Work item: Beginning at the first line of the material, output each line exactly until you reach and include the line containing "HEMSUT Quick Release". Leave every picture out.

Source material:
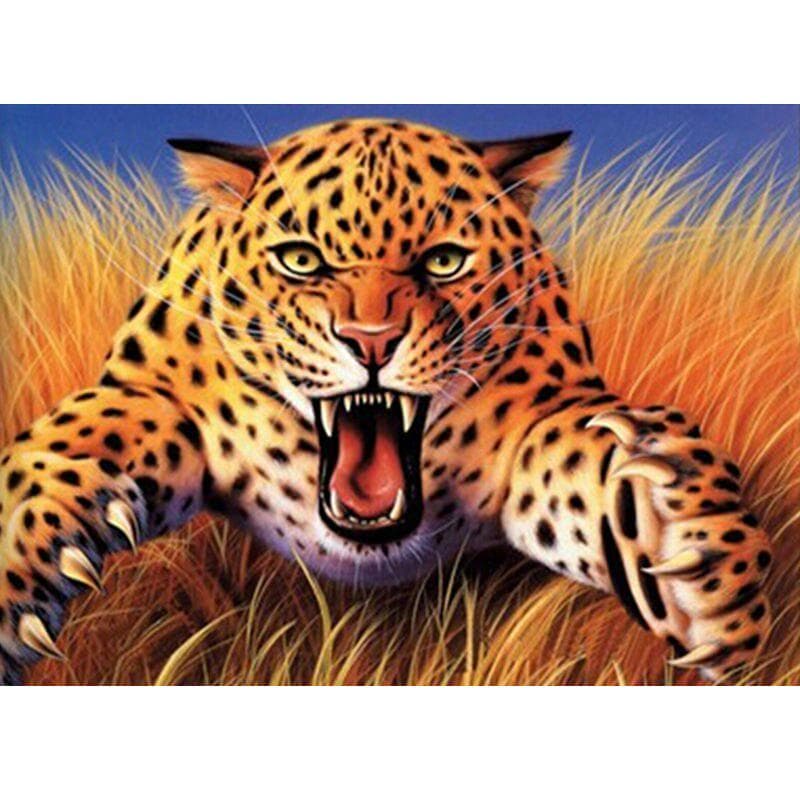Diamond Embroidery Round Drill Diamond Painting Cross Stitch Roaring Leopard Animal Mosaic Picture 20X30CM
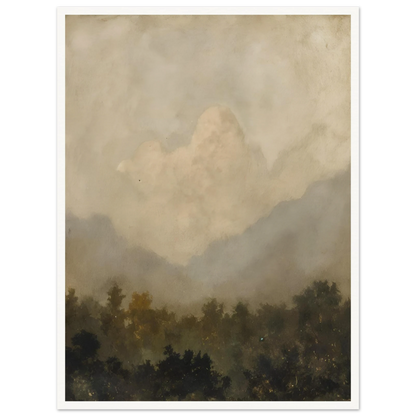 Soft clouds hover above a shadowy forest, evoking serenity and silence beneath a veil of golden haze.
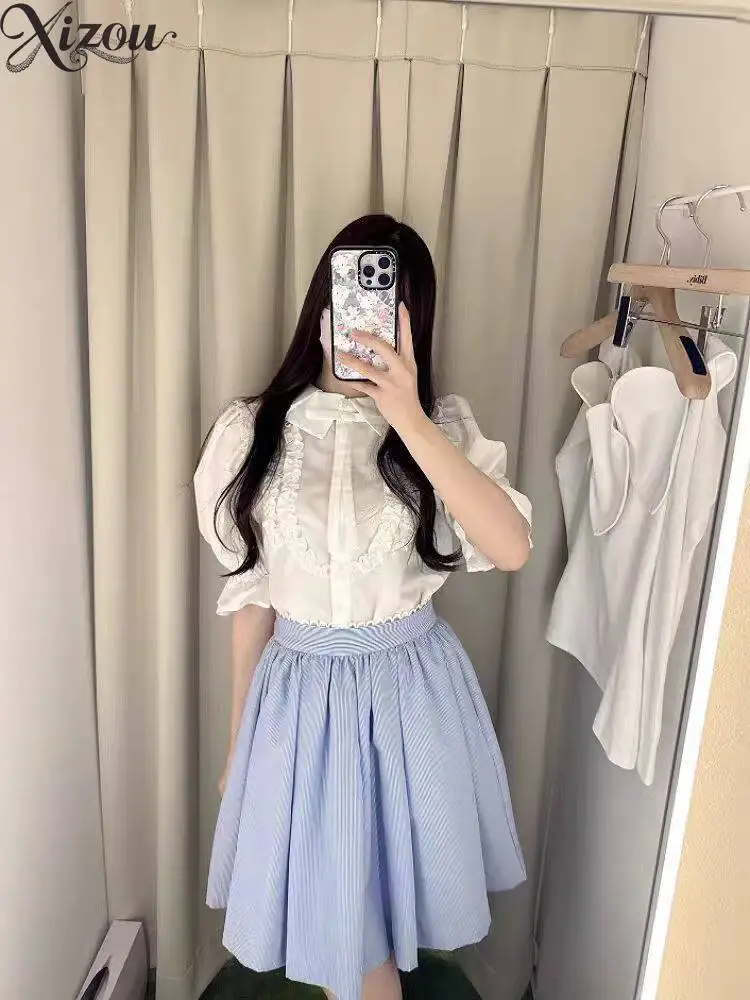 2026 Summer Japanese Sweet High Waist A-line Skirt Women Solid Color Ruffled Hem Mini Skirt Cute Casual Office Lady Bottom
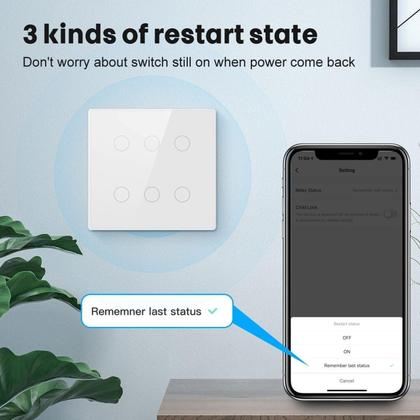 Imagem de Interruptor 6 Botões Branco Touch 4X4 Zigbee Novadigital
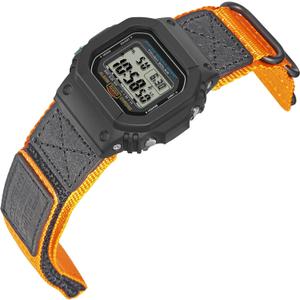 HEMSUT Quick Release 16mm Military Tactical Watch Band for Casio | Shock-Resistant Nylon & Leather Strap | Compatible with GA-100, DW-5600, DW-6900, GW-M5610, GBD-800 Series & More
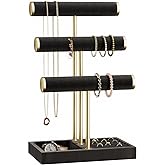 bussdis 3 Tier Bracelet Holder Display - Detachable T Bar Black Velvet Bracelet Holder, Jewelry Holder Organizer for Bracelet, Necklace, Watches, Rings
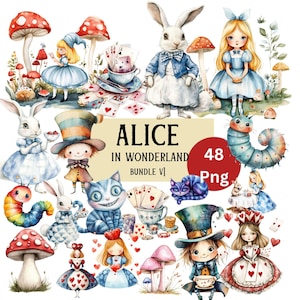 Alice In Wonderland Bundle Clipart | Alice, Cheshire Cat, Mad Hatter, White Rabbit, Queen of Hearts | Alice In Wonderland Sublimation Png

Answer to the exercise:
Diamond Embroidery Round Drill Diamond Painting Cross Stitch Roaring Leopard Animal Mosaic Picture 20X30CM
 Soft clouds hover above a shadowy forest, evoking serenity and silence beneath a veil of golden haze.
 2026 Summer Japanese Sweet High Waist A-line Skirt Women Solid Color Ruffled Hem Mini Skirt Cute Casual Office Lady Bottom
 Imagem de Interruptor 6 Botões Branco Touch 4X4 Zigbee Novadigital
 HEMSUT Quick Release 16mm Military Tactical Watch Band for Casio | Shock-Resistant Nylon & Leather Strap | Compatible with GA-100, DW-5600, DW-6900, GW-M5610, GBD-800 Series & More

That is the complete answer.